I think I've noticed the same in written documents (although I'm sure
I've seen "proxy cache" a lot), but I note that when speaking (at
least the people I talk to) the phrases "cache" and "proxy" are
substituted for "caching proxy".

>> 2.3 Second order derivatives
>>
>> The following terms further build on first order derivatives
>>
>> authoritative reference
>> The owner of data; content production system; possibly an origin
>> server; the overall master copy of the content, if any
>
>Why is this second-order? The definition is a bit unsatisfactory
>since "owner" and "data" aren't defined, nor is "content
>production system". I'm not sure what you mean.

"Server" and the more specific "origin server" are defined. I added
this term to try and hint at the system that maintained the overall
master copy of the content, for possible inclusion in the replication
side of things. It didn't seem that origin server correctly conveyed
the required semantics when considering replicas.

: origin server (as given in [6])
: The server on which a given resource resides or is to be created.
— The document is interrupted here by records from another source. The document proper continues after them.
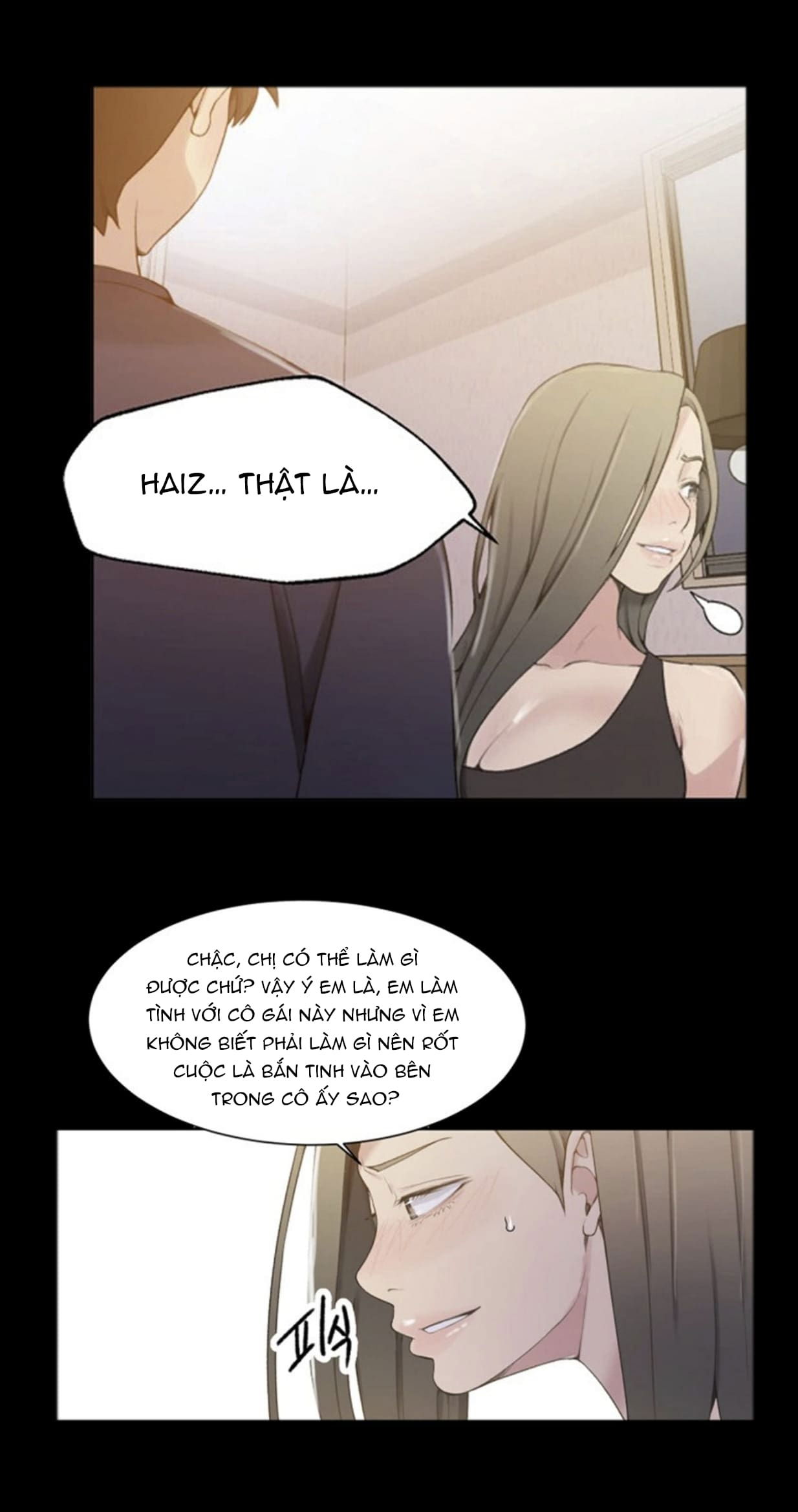 lop-hoc-bi-mat-khong-che-chap-25-13 integer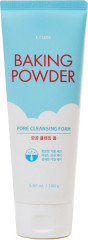 Пенка для умывания «Pore Cleansing Foam» - Фото 2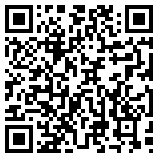 QR Code for Dairy Queen in Hibbing, MN 55746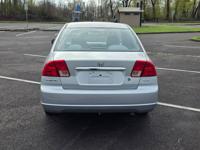 ⭐ 2001 HONDA CIVIC ⭐ 💲 LOW DOWN PAYMENT OPTIONS (OAC)💲 Independence Monmouth Dallas Salem Albany Corvallis - Image 7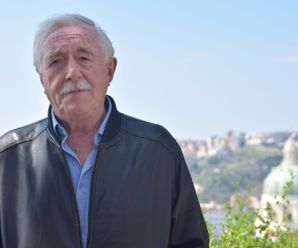 corrado taranto (1)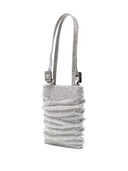 Benedetta Bruzziches Lollo La Petite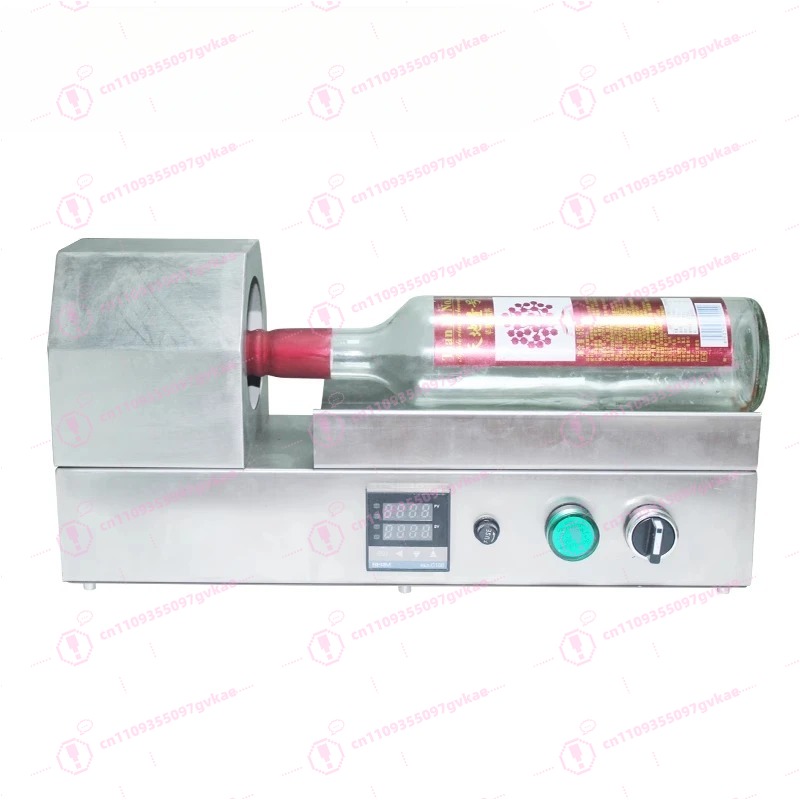 220V/110V PVC Film Heat Shrink - Shrink Sleeve Pvc 评论和价格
With many replicas, which could presumably appear to be the origin
server by the above definition, what wording can be used to describe
the system that hold the "master" copy. (I'm just an editor, if
someone has some better terms please submit them.)

>> content consumer
>> The user or system that initiates requests of an origin server
>> (which may in turn be handled by a proxy).
>
>I'm not sure how this is distinguished from "user agent" or
>"client". (Actually, the line between "user agent" and "client"
>isn't described very well in RFC 2616.)

On that second point I can see what you mean. To me a client is just
as defined. A user agent is an application used by an entity to
request and receive content. The content consumer is the entity that
makes a request of a user agent.

I've probably not made good enough examples. However, I felt that
"user" implied human too much, and I didn't want the inference that
the entity making requests was a human.

>> browser
>> A special instance of a user agent that acts as a content
>> presentation device for content consumers.
>
>My guess is that both of these should be present in the update to
>RFC 2616, and that we should more carefully distinguish between
>those constraints that apply to a 'user agent' and those that
>apply to a 'browser'. HTTP/1.1 makes some requirements on how
>the "user agent" interacts with the "user" in the case of
>a "browser" that is inappropriate for other kinds of clients,
>e.g.,
>
> ... user agents SHOULD present to the user the entity returned
> with the response, since that entity is likely to include human-
> readable information which will explain the unusual status.